DEHP: Dynamic Horizon Prediction Boosts Robot Policy Success Rates
Chunk-based robot policies get smarter with a learned, adaptive execution horizon.
Action chunking has become a standard design in modern robot policies, from diffusion/flow policies to vision-language-action models. Instead of acting one step at a time, the policy predicts a sequence of actions and executes a fixed number of them. However, this fixed execution horizon forces the policy to operate open-loop during chunk execution, which is especially problematic for fine-grained manipulation tasks that require frequent replanning. Typically, the execution horizon is chosen through empirical tuning and is highly task-dependent.
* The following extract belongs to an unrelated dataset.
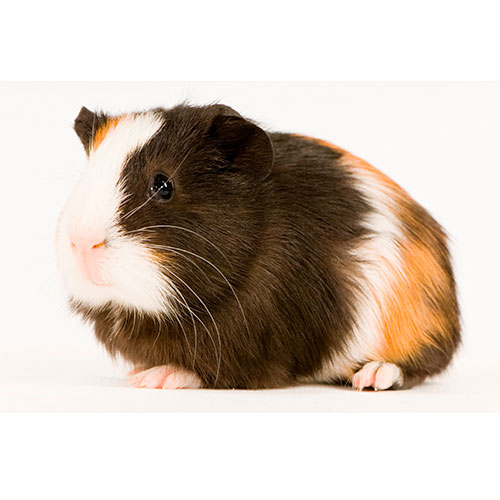 Haustiere answer: GUINEA PIG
To address this, the team proposes Dynamic Execution Horizon Prediction (DEHP). DEHP trains a lightweight execution-horizon prediction branch using online reinforcement learning while keeping the entire pretrained chunk policy completely frozen. This makes the method compatible with black-box chunk policies and isolates the effect of adapting the execution horizon from changes to the underlying action generator. Across evaluations, DEHP improved success rates on various high-precision and long-horizon manipulation tasks by a large margin. Qualitative analysis shows DEHP predicts shorter horizons during fine-grained stages and longer horizons during free-space motion, effectively balancing open-loop efficiency with closed-loop reactivity.
- DEHP trains a lightweight horizon prediction branch via online RL while keeping the pretrained chunk policy frozen, compatible with black-box policies.
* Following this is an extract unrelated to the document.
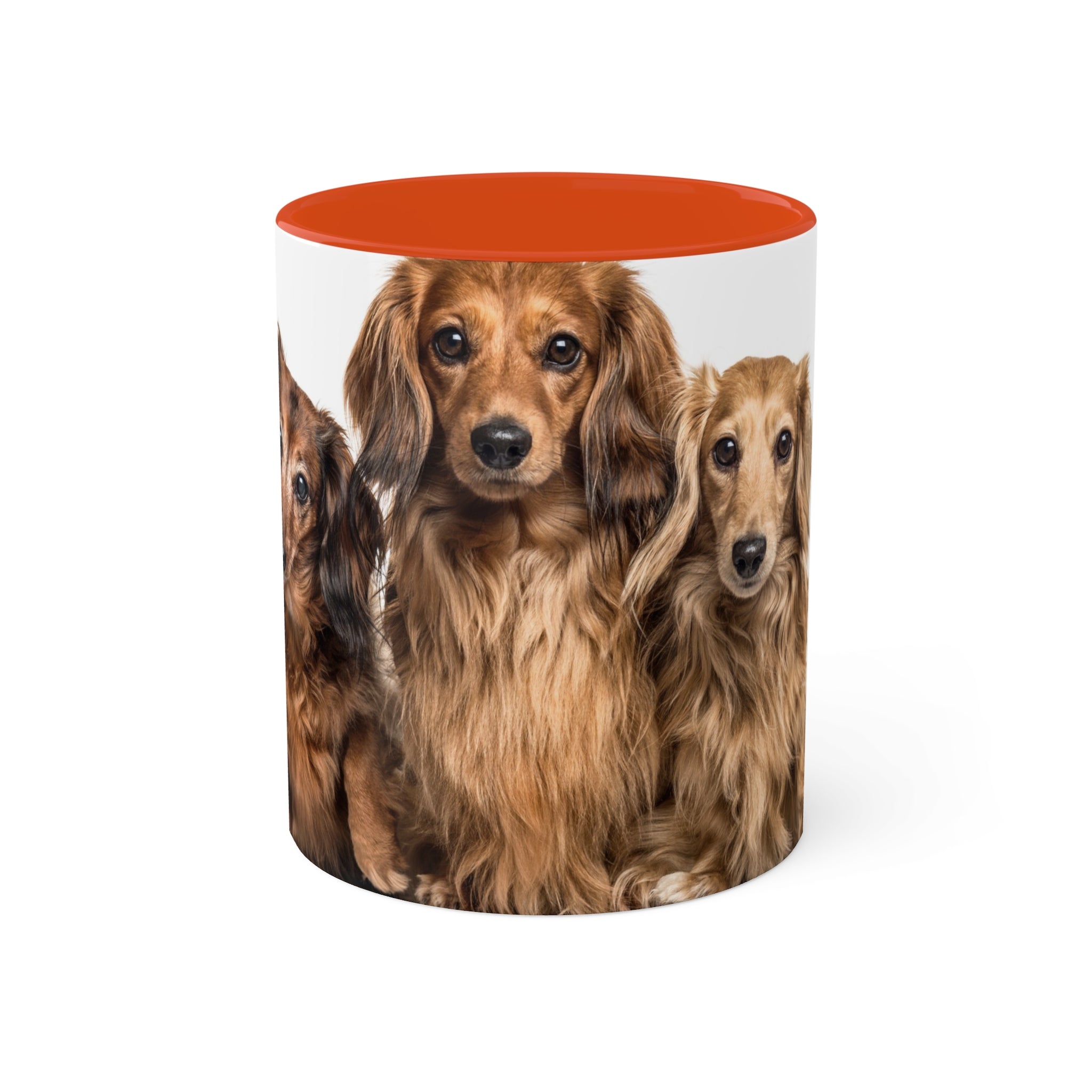 Mixed Breeds Of Dogs Colorful Mugs, 11oz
- Dynamically adjusts execution horizon: shorter for fine-grained manipulation, longer for free-space motion, improving both reactivity and efficiency.
- Achieves large margin improvements in success rates on high-precision and long-horizon robot manipulation tasks.
Why It Matters
Adaptive execution horizons make robot policies more effective for real-world tasks requiring both precision and efficiency.